**The task**
Look at the data below and print exactly the lines from its first line through the line with "So why would"; the pictures stay out of the copy.

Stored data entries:
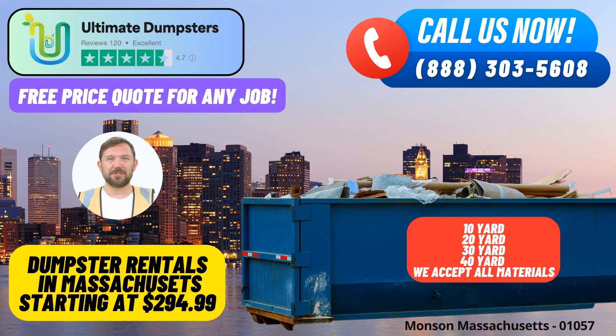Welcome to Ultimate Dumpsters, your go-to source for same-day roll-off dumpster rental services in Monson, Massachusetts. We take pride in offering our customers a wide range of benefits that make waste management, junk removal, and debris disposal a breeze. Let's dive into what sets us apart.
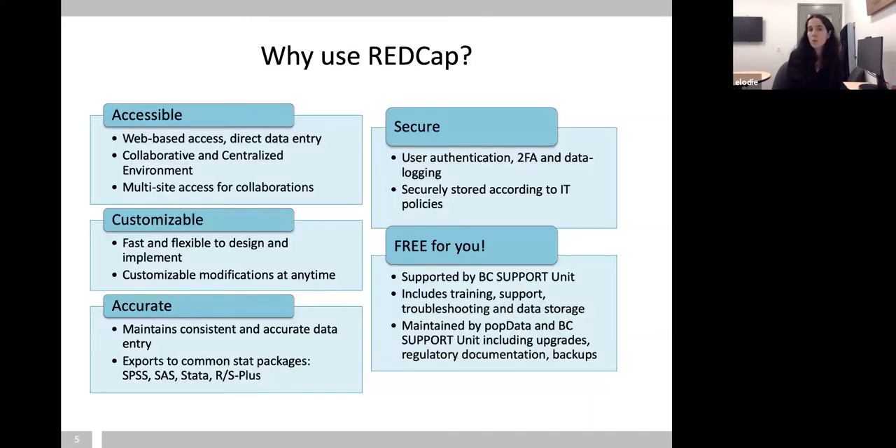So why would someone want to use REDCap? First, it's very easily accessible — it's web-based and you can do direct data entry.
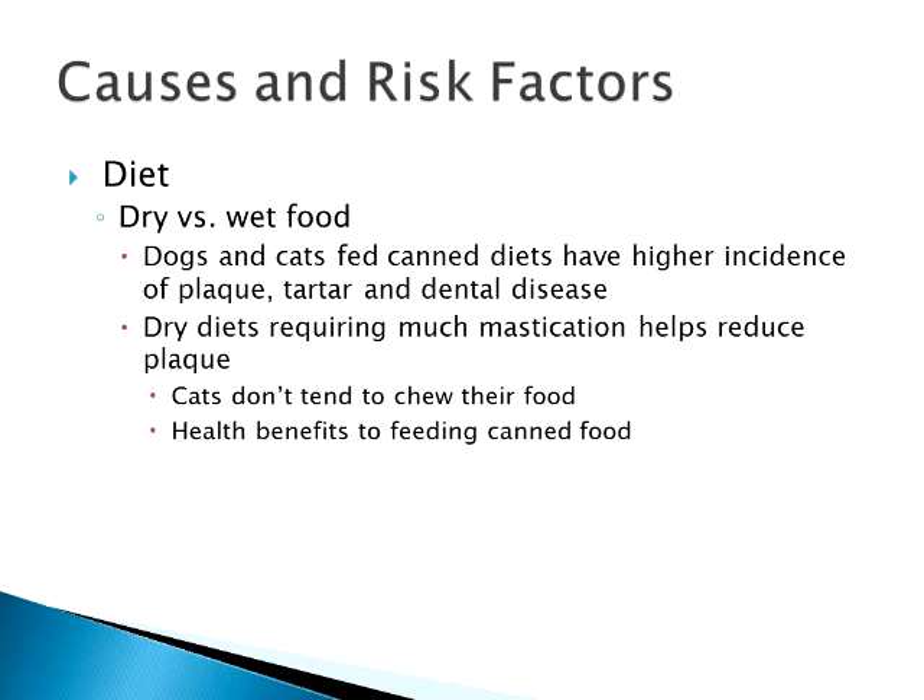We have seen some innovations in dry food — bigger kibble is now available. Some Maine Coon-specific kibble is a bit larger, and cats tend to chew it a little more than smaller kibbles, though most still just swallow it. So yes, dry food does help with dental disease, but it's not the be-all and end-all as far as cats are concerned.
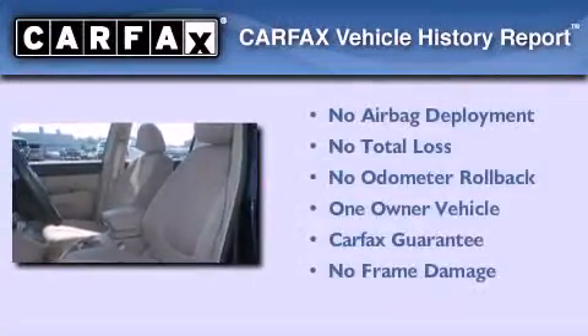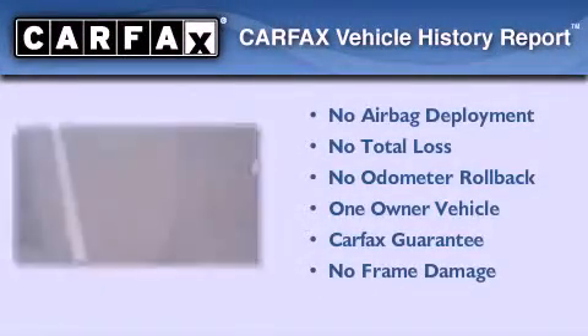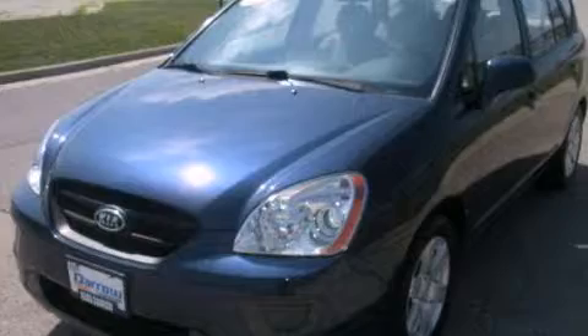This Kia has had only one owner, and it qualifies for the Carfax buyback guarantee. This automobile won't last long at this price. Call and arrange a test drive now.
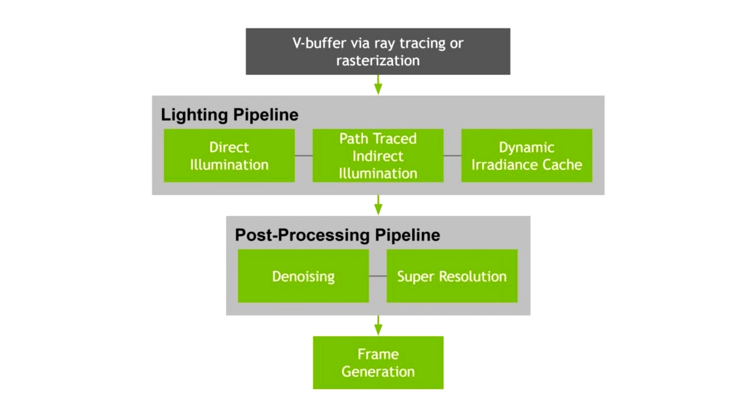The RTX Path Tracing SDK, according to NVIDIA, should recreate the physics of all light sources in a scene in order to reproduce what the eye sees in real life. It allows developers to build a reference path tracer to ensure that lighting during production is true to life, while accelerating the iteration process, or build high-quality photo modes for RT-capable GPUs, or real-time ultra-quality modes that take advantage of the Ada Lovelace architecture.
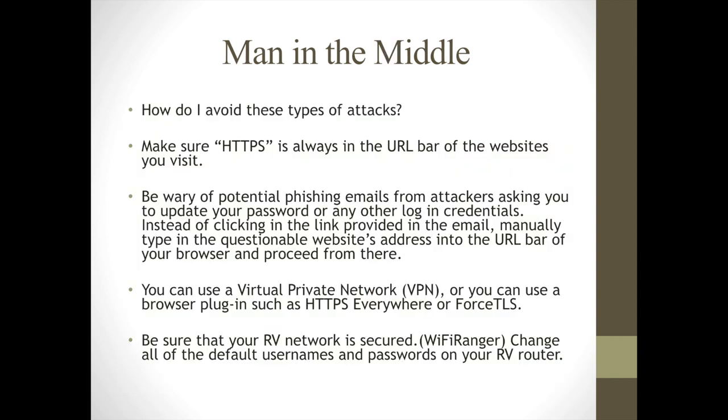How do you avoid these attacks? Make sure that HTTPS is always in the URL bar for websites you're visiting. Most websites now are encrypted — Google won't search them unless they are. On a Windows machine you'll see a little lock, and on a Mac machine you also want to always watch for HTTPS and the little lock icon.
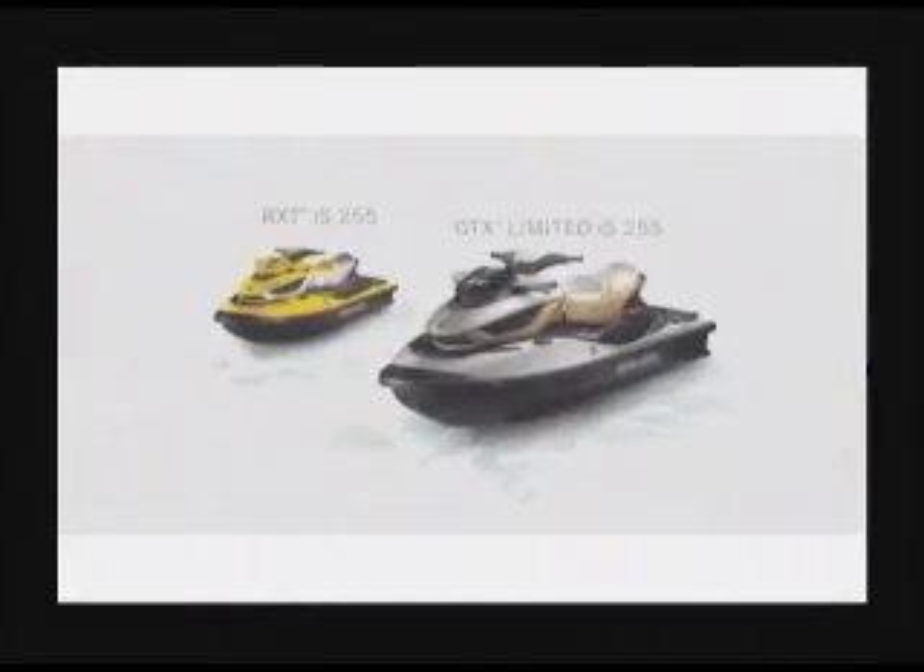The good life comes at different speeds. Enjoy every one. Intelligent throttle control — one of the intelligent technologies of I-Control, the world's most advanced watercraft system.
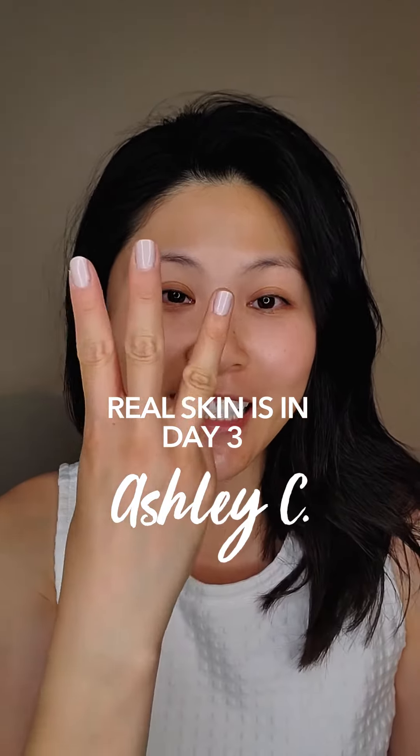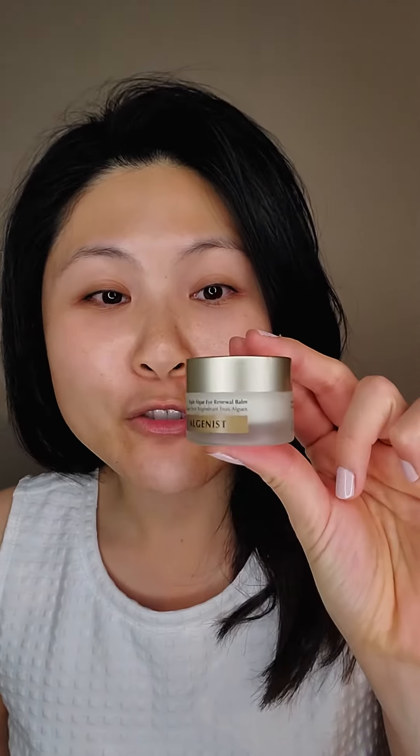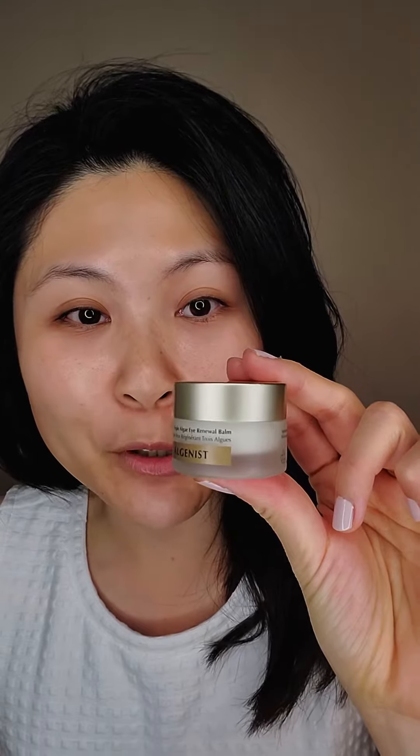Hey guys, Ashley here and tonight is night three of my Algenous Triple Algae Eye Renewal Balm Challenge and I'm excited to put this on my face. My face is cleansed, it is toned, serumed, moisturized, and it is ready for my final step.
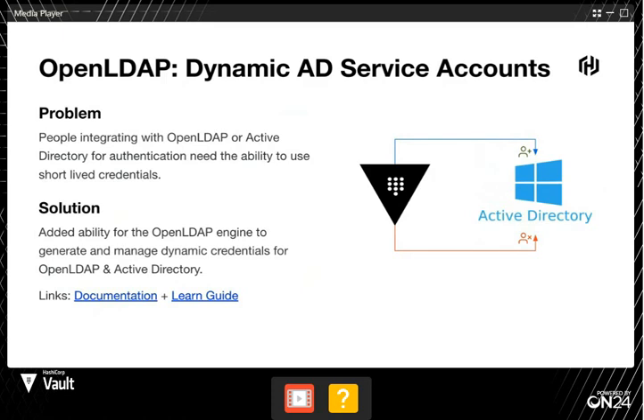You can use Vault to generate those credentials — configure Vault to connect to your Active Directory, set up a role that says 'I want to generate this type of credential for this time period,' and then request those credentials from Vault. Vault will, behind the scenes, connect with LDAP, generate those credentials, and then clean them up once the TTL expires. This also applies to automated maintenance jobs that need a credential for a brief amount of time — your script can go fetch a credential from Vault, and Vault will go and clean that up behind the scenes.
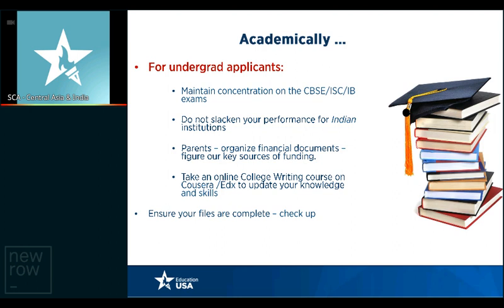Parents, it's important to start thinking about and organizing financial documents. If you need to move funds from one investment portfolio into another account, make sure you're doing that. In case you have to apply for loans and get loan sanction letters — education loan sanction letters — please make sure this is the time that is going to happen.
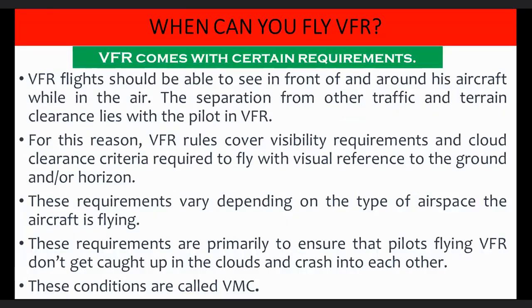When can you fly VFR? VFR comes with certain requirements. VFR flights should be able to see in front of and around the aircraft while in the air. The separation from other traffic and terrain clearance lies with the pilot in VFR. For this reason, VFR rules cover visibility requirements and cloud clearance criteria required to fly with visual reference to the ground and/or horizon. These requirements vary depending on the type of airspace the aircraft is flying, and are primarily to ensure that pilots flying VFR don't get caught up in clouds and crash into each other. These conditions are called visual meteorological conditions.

**Solution below**
Welcome to Ultimate Dumpsters, your go-to source for same-day roll-off dumpster rental services in Monson, Massachusetts. We take pride in offering our customers a wide range of benefits that make waste management, junk removal, and debris disposal a breeze. Let's dive into what sets us apart.
So why would someone want to use REDCap? First, it's very easily accessible — it's web-based and you can do direct data entry.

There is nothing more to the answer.